Yes. Rural strategy is very important. During the past two years, we have already developed very rapid growth in rural areas. We have a Rural Taobao strategy, which today cover close to 30,000 villages across China. Today what we do see that, the traditional brick-and-mortar chains cannot effectively and efficiently cover the rural areas. Internet do give us a new way to serve the people in the village. What we are doing right now is to help our merchants, brands, on our retail marketplaces to work closely with them to serve the people in the village.

We even do tailor-made products with our brand partners to direct, to eliminate all the distribution channels to serve the end customers in the village. Looking ahead, we are not only trying to sell more from urban city to the rural areas. In rural village, we also can have a very good organic agricultural product supply. What we wanna do is to, again, use our retail platform. We wanna help the farmer to sell more to the people in the city.

Maggie Wu
CFO, Alibaba Group

Regarding to your question on the revenue driver for China regional marketplace revenue, if you look at the direct driver, the people who are paying us are these merchants and brands. The number of paying merchants and brands are increasing as well as their spending level at our platform. What makes them paying more and more people coming to us is, you know, what we have done on our marketplace, both on user and user experience side. I mentioned about, you know, the growth driver of the revenue by increases in the number of users coming to our platform. We reported 507 million MAUs by the end of this quarter.

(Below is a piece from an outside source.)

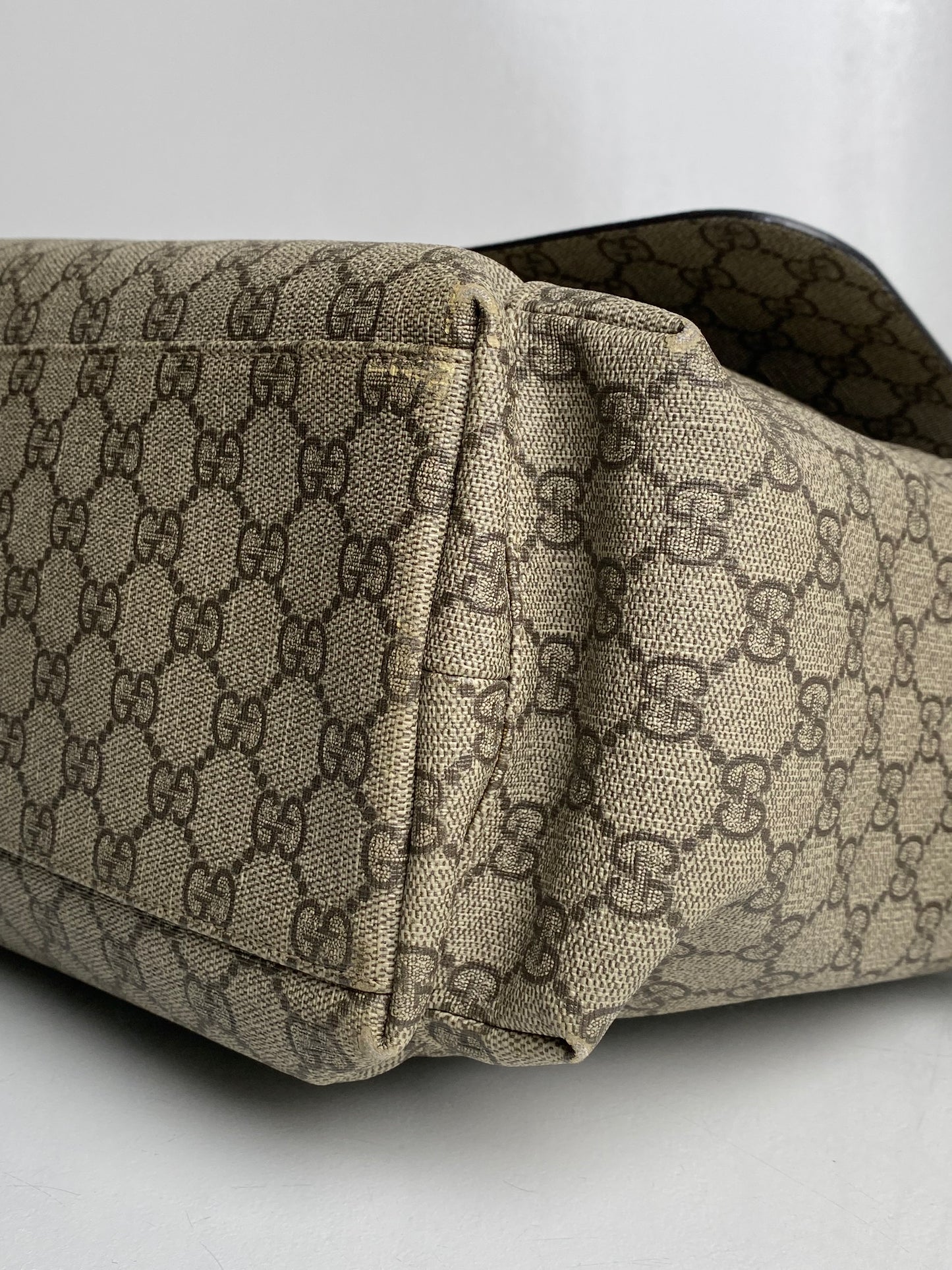 Gucci Guccisima Canvas Diaper Bag GHW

The volume of the clicks and also the conversion of these matches all showing very positive growing trend. This reflects that, you know, our ability to deliver more relevant content to consumers through our improved data and technology. This is the, you know, all of this. By the end of the day, when merchants and brands, look at the value we provided to them, they vote by their feet, right? More and more people started to realize that the value we provided are not only the transaction value, but also help them acquire consumer and make the consumers buy and then retain the consumer, the loyalty, but basically the whole customer operation in the entire, you know, customer life. That's the driver for the, for the growth in China regional marketplace.

Chi Tsang
Analyst, HSBC

Thank you for that. I was actually referring to framing that question around rural, trying to get an understanding of how much rural is impacting your China retail business in terms of buyers or in GMV or something like that.

Maggie Wu
CFO, Alibaba Group

Yeah. I see. Rural right now is still a small, very small business, compared to our entire, China retail. Not a significant, nothing significant.

Rob Lin
Head of Investor Relations, Alibaba Group

Operator, we will take the last two questions, please.

Operator

Okay. Thank you. Your next question comes from the line of Jason Helfstein from Oppenheimer. Please ask your question.

Jason Helfstein
Analyst, Oppenheimer

Thanks. Perhaps a longer-term question, specific to the 2020 goal of RMB 1 trillion of GMV and 2 billion customers. Generally, how do you see that broken down between domestic and international, just as you're thinking long term about a global strategy? Thank you.

Daniel Zhang
CEO, Alibaba Group

Well, we do have a goal in 2020. We wanna achieve a RMB 6 trillion in GMV by fiscal year 2020. I think to serve 2 billion consumers is an even longer term goal. We are working very hard towards that goal. I think we just at the beginning stage to get our business globalized. Southeast Asia is the first area we are exploring, and we wanna make sure that we understand the local culture and the local people, because shopping is highly relevant to the culture and the lifestyle.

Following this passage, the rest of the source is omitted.